Tuesday, December 29, 2009

I'm Ready For My Closeup, Mr. DeMille

Right Front.

Left Front.

To the Side, right.

To the Side, left.

Click. Click. Click. Click.

It's all over for another year. Easy peasy x-ray squeezy.

Another updated set of funbag shots for the Mammography Mugbook.

And, I can assure you - beyond the shadow of a doubt - they cannot look any worse than this:

Those of you readers out there who have yet to schedule your first mammogram, please don't listen to all the jibber jabber out there. About how it's so cold, you should practice sleeping naked on the garage floor mid-winter (it's a little brisk, not so much as your nerples are going to freeze and fall off). Don't believe that you should have someone back a car over your boobage to get used to the squished feeling (yes it's a tad awkward, but it's not impossible).

Truth be told, as tests go, it's neither horrible nor is it excruciatingly painful. Moreover - it's necessary. Get 'er done, ladies!! Make it a New Year's resolution.

Finally, in the "Why Didn't I think of This EARLIER?" department, I should have brought a bottle of maple syrup to give to the technician. If she appeared quizzical, I would clarify: "If you're gonna squish them like pancakes, we may as well have something to go with them...".

Next year...


Chesapeake Bay Woman said...

So very true, how necessary it is.
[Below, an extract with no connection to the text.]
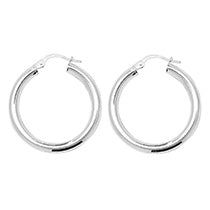 SILVER 20MM PLAIN HOOP EARRINGS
Thank you for the reminder.

Also thank you for saying NERPLES, which is now my new favorite word.

Sausage might make a nice accompaniment to the pancakes and syrup--that sweet and salty thing--but I'm thinking sausages are not really a part of the whole mammography exam. Prostate, maybe.

word ver: enexu. The Baroness is going to enexu, CBW, if you don't shut up.

Diane said...

I've already had my close up this year. And I'm looking for a new movie set. The girls deserve better than the last cameraman who was a little (a lot) rough. Pass the syrup.

Countess YY said...

maybe because you have big girls it isn't to painful..when you start with flat pancakes and they try to spread it on a plate...enough said..stil you gotta do what you gotta do and it is only once a year....I think if men had to have their frank and beans scanned and flattened we would have better technology....

Country Girl said...

They're much easier than people think. Thanks for the reminder.

And thank you God that I look like who I am and not Mr. Nolte here.

Not Afraid to Use It said...

Love the syrup thing. I have yet to have my first, but I think I will bring a bottle when I finally do.

baronessvonb said...

Countess CBW: You. Crack. Me. Up.
Let's be sure that at least one breakfast during this year's BF has pancakes, maple syrup, and sausages.

Countess Diane: Oh, those unions. You never know who'll be the handler from one day to the next.

Countess YY: Boo hoo hoo. I am so sorry that your girls are petite and mine are not. Not. I also think that the man who named the equipment 'Mammo-Mat" should be beseiged by angry women, big-boobed and little-boobed alike.

Countess CG: Yes, thank God.

Countess NATUI: Maybe lingonberry instead? Represent.